Клуб частных расследований. Сезон 3

скачать книгу бесплатно


– Дашенька, это очень специфическая тема. Скажу только, что в любом случае вместилищем болезни является человеческий мозг. Нередко, погружая пациента в глубокий сон, удаётся разблокировать неработающие его участки и добиться неплохих результатов.

– И как же вы его погружаете в глубокий сон?

– Для этого существует гипноз, имеются специальные методики подавления бунтующего сознания, позволяющие вернуть психику человека в норму.

– И что же, любого человека можно ввести в гипнотическое состояние?

– Практически любого.
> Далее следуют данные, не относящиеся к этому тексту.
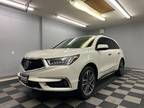 2017 Acura MDX SH-AWD Advance Package and Entertainment DVD Extra Clean One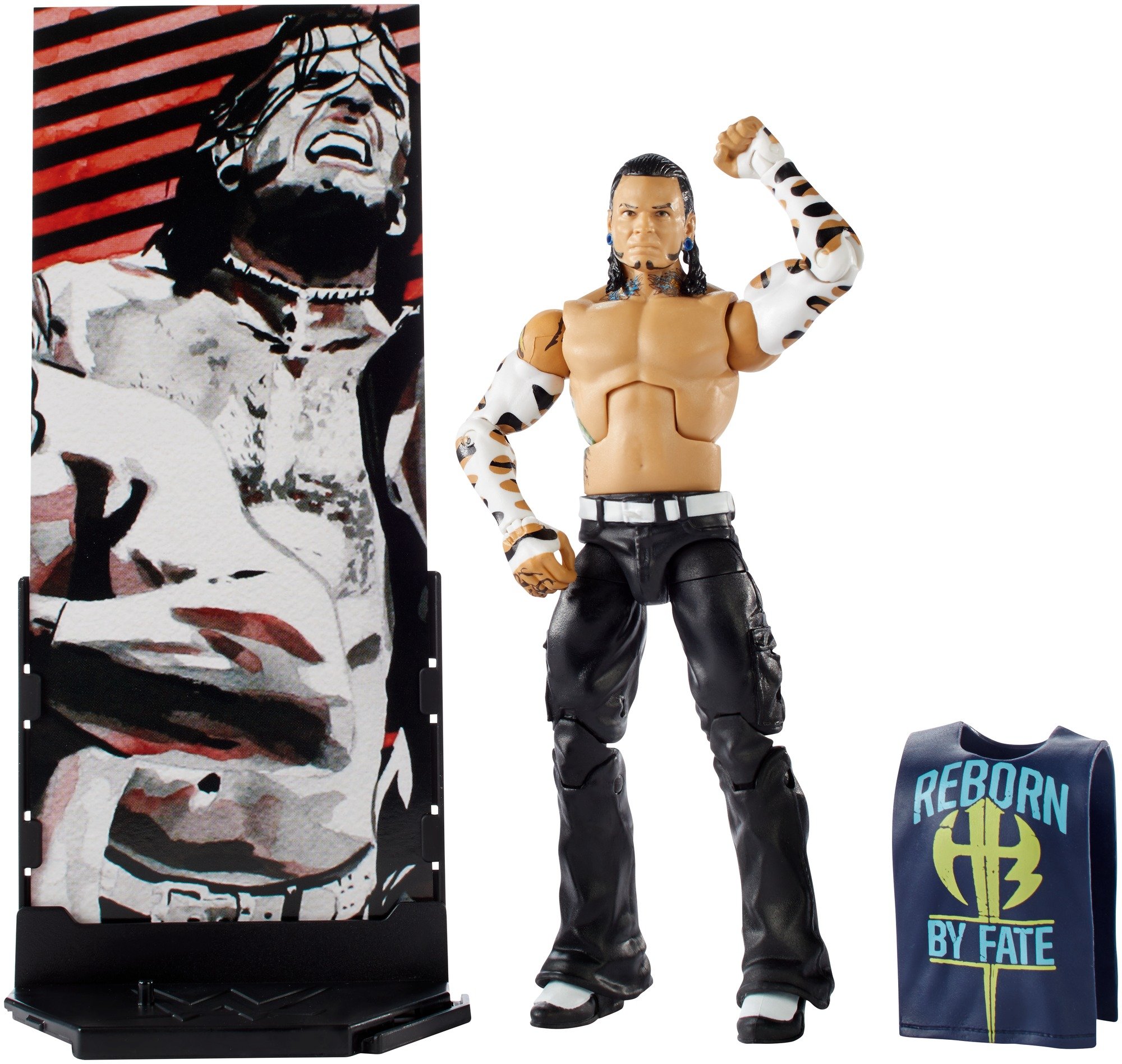 Jeff Hardy - WWE Elite 57 Mattel Toy Wrestling Action Figure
Лишь очень немногие люди обладают способностью сопротивляться воле гипнотизёра.

– И вы обладаете такими гипнотическими возможностями?

– Да, – чуть помедлив, ответил Виктор Павлович, – обладаю. Это ведь моя специальность.

– И что же, вы, к примеру, можете меня загипнотизировать против моей воли?

– Думаю, что смогу, но не стану этого делать. Поверьте, у вас нет причин меня опасаться.

Так в разговорах они незаметно дошли до скамейки, на которой обычно Даша читала во время дневных прогулок. Время пролетело незаметно. И когда оно подошло к обеду, они с обоюдным сожалением попрощались, договорившись встретиться завтра на этом же месте.

3

Виктор Сикорцев родился в Казани, в богобоязненной семье обедневшего помещика, которая вынуждена была расстаться с родовым гнездом и перебраться в город. Имение было вовремя продано, деньги предусмотрительно вложены в банк, что позволяло иметь небольшую ренту. На эти деньги скромно жили двое взрослых и ребёнок. Шли годы. Мальчишка рос, окончил гимназию и поступил в местный университет на медицинский факультет.

По окончании учёбы Виктор несколько лет проработал в городском доме призрения за душевнобольными, где приобрёл немалый опыт, а затем вернулся в университет, куда к тому времени был приглашён некто Владимир Михайлович Бехтерев, молодой, но уже довольно известный специалист в области изучения психических состояний человека. Столичный профессор организовал новую кафедру, при которой была психофизиологическая лаборатория, где и продолжил свою работу Виктор.

По удивительному стечению обстоятельств они появились на свет божий в один год, совпали даже число и месяц рождения. Возможно это обстоятельство, но, скорее всего, некоторая схожесть характеров, умение Сикорцева нестандартно мыслить и аналитический ум Бехтерева способствовали постепенному сближению молодых людей. Виктор стал частым гостем в доме своего непосредственного начальник, где под молчаливым присмотром его жены Наташи они могли часами говорить о феномене человеческого мозга, о непостижимости природы сознания.

Одним воскресным днём, уже ближе к ночи, после хорошего ужина, за которым был опробован новый сорт водки, разговор зашёл о предназначении человека. Говоря об этом вечном предмете философских прений, нельзя было обойти стороной причину возникновения человека – вершины живого мира. При этом Бехтерев был согласен с теорией эволюции Чарльза Дарвина, а Сикорцев разделял взгляды каббалистов, утверждавших, что всё вокруг нас, включая человека, это результат некоего одномоментного Действия.

– И кто же, по вашему, совершил это ваше действие? – спрашивал в сердцах Бехтерев.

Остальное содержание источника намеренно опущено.